### Supplied data
......

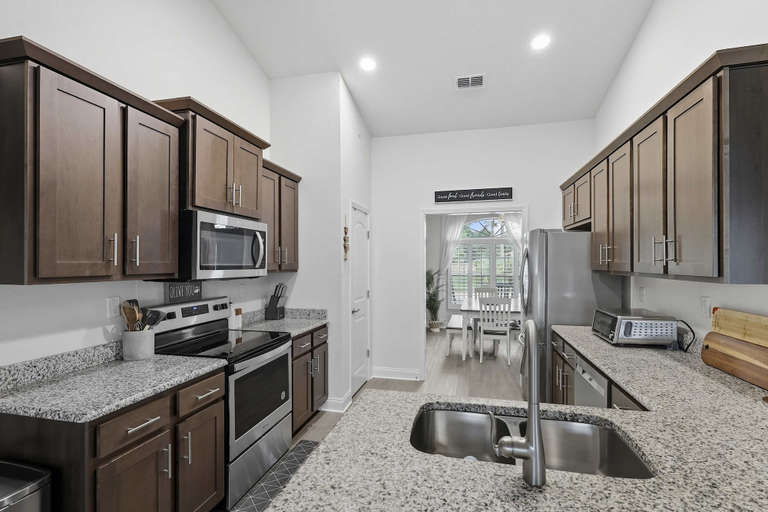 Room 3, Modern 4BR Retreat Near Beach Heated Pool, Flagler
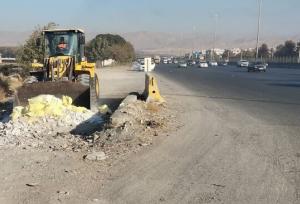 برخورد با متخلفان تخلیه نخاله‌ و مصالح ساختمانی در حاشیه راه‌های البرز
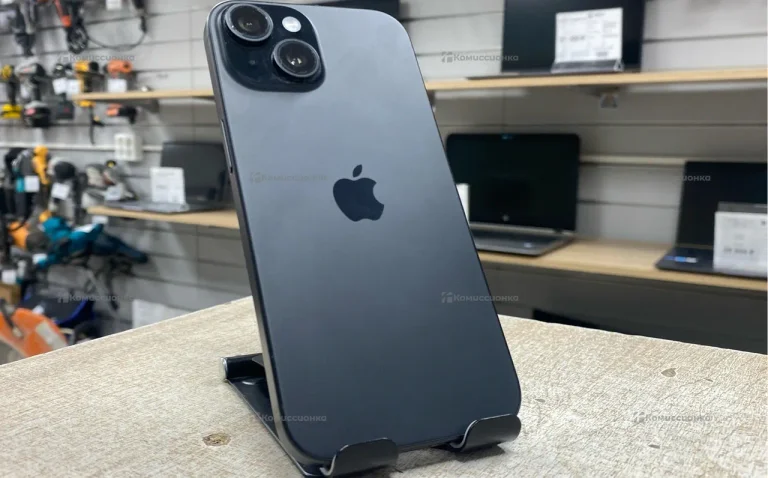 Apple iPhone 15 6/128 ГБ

......

Copy every line of the data word for word, omitting the images.

### Task solution
 Room 3, Modern 4BR Retreat Near Beach Heated Pool, Flagler
 برخورد با متخلفان تخلیه نخاله‌ و مصالح ساختمانی در حاشیه راه‌های البرز
 Apple iPhone 15 6/128 ГБ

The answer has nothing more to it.